Monday, September 14, 2015

80 Game Score Droughts

As Tristan mentioned in his Geeky Stat of the Day, Rich Hill just posted a Game Score of 84 and hadn't posted another game score of at least 80 since June 7, 2007, a span of 3020 days.  This drought seems pretty long (over 7 years!), but is it the longest?

So far, I have found 2 that are longer since 1914:

Si Johnson had a Game Score of 84 (9 IP, 1 H, 2 BB, 1 K) on May 18, 1933 against the Boston Braves as a member of the Cincinnati Reds.  His next Game Score of more than 80 came 3302 days later (9.05 years) against his previous team (the Reds) as a member of the Philadelphia Phillies.  In this game, he pitched a 10 inning shutout, giving up 5 hits and finishing with a Game Score of 82.

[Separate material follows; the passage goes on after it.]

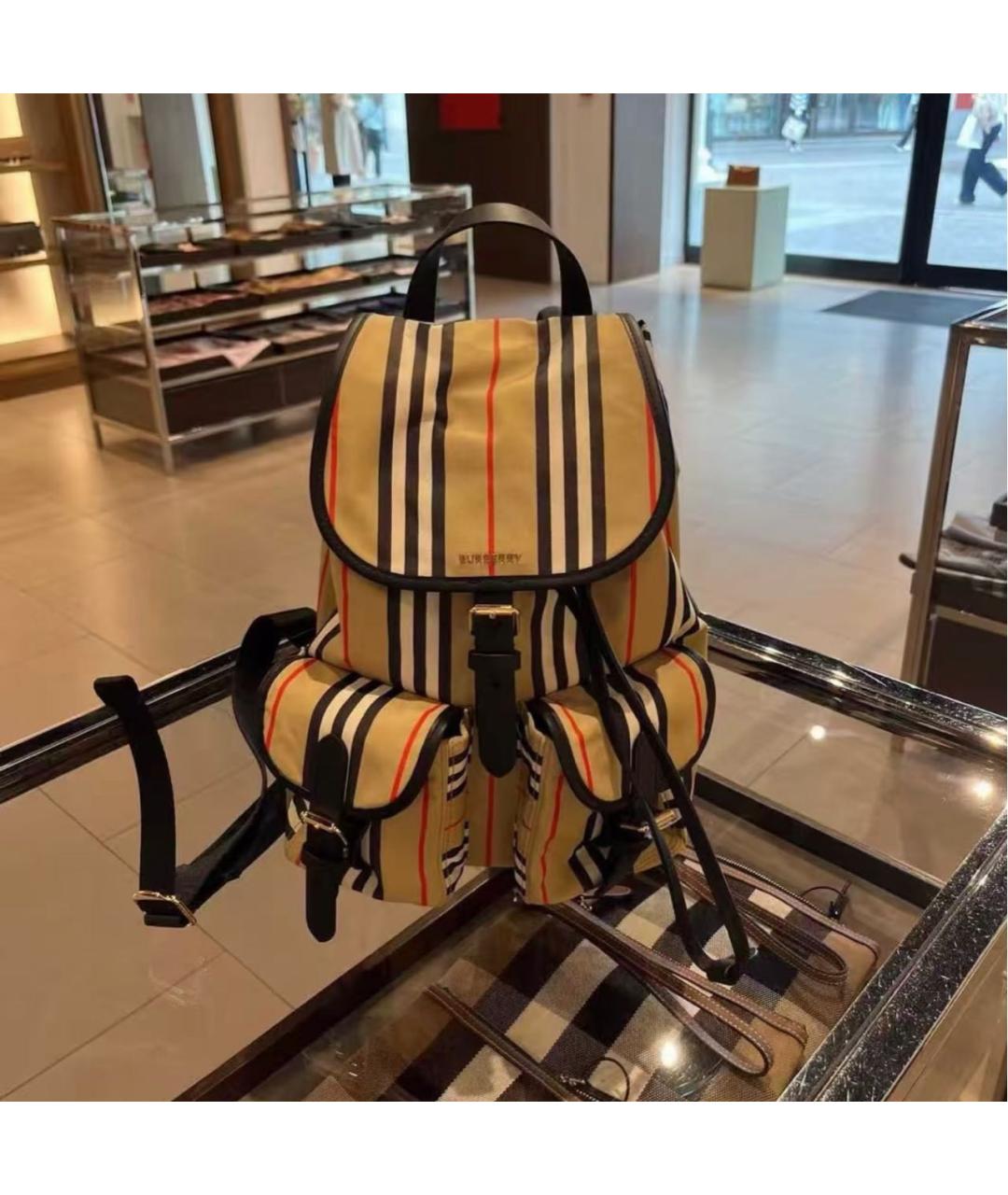 BURBERRY Бежевый рюкзак, фото 2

Rip Collins had the second longest span at 3259 days (8.93 years).  The first game was on July 11, 1921 when he shut out the White Sox (9 IP, 5 H, 3 BB, 6 K) as a member of the New York Yankees and the second game came on June 13, 1930 when he shut out the Red Sox (11 IP, 4 H, 0 BB, 2 K) as a member of the St. Louis Browns.

If we change the search to most starts between 80 Game Score games instead of most days, we get the following top 5:
  1. Steve Trout -- 190 starts (1979-1987)
  2. Bump Hadley -- 185 starts (1933-1941)
  3. Livan Hernandez -- 177 starts (2004-2010)
  4. Greg Maddux -- 176 starts (2001-2006)
  5. Tim Wakefield -- 168 starts (1998-2005)
Yes, Greg Maddux was at the end of his career and his game on August 13th, 2006 was his last game with a game score of at least 80.  Interestingly enough, Tim Wakefield's drought came in the middle of his career.  He had 5 games from '95-'98 and 5 games from '05-'08 with a Game Score of 80 or more, but none in between.

If we cheat a little bit and change the criteria to a Game Score of 79 or more, then we have a runaway winner.  Socks Siebold had a Game Score of 79 in one of his only 3 appearances in 1916 (September 24th) and then had a Game Score of 81 on June 11, 1931, a whopping 5373 days (14.72 years!) later.  His streak was aided by his absence in the league from 1920-1928, but that's still an incredible number (and a great name as well).

Thursday, September 3, 2015

Will there ever be a 5 homer game?

As many people probably know, the 4 home run game is one of the rarest feats in baseball.  There have been 16 4-homer games in baseball history, the last of which was Josh Hamilton's monster performance in 2012.  Here are the last 14 instances (since 1914) using the Baseball-Reference Play Index.  In all but one of these games, the player at least had a chance to hit a 5th homer.  Only Carlos Delgado's  4 HR game in 2003 came in exactly 4 plate appearances.  Will we ever see a player hit 5 homers in a game?  I crunched the numbers to find out our chances.

In order to spare people from all of the gory math details, I will try to simplify the explanation.  Let's start with a single player in a single game.  The important numbers we need to know are a player's average home run rate (HR per Plate Appearance) and how many plate appearances he received in the game.  For simplicity, we will assume that each plate appearance is an independent event, i.e. that the likelihood of a home run in one trip to the plate does not affect the next trip to the plate.  With these two numbers, we can determine the probability that he hits any given number of home runs in those plate appearances using the binomial distribution.  For example, let's assume that a player hits a homer in 3% of his plate appearances (the average for the league is currently about 2.8%).  If he gets exactly 4 plate appearances in a single game, his chances are approximately 1 in 1.23 million to homer in all 4 trips to the plate.  However, even giving him just one more chance (4 homers in 5 plate appearances) drastically improves his odds.  This somewhat average power hitter now has a 1 in 253 thousand chance to hit 4 homers in that single game.  If we give him 6 chances, the probability again improves to 1 in 86,400.  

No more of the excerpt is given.